START Data block

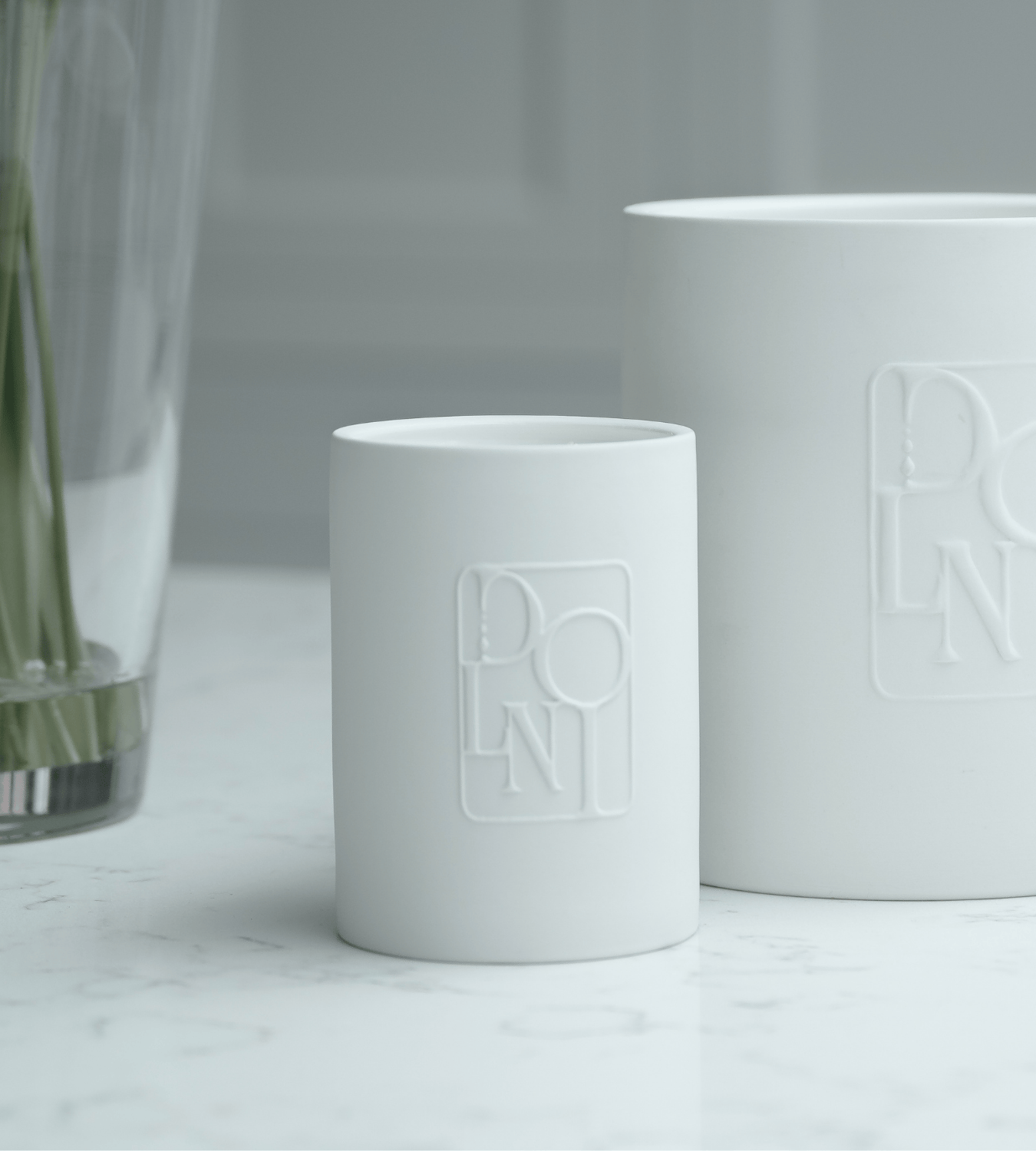 Dolni Large White Ceramic 600g Amber & Patchouli Candle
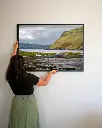 Skye_bateau_montagne_scotland_poster_cadre_2_femme_mur.webp
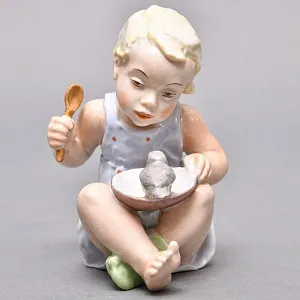 Коллекционная Фарфоровая статуэтка «Завтрак вдвоем. Девочка и птица», ROSENTHAL Германия - 1938 год.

END Data block

## What the task requires
Restate every line above word for word. Do not carry over the images.

## Output of the exercise
 Dolni Large White Ceramic 600g Amber & Patchouli Candle
 Skye_bateau_montagne_scotland_poster_cadre_2_femme_mur.webp
 Коллекционная Фарфоровая статуэтка «Завтрак вдвоем. Девочка и птица», ROSENTHAL Германия - 1938 год.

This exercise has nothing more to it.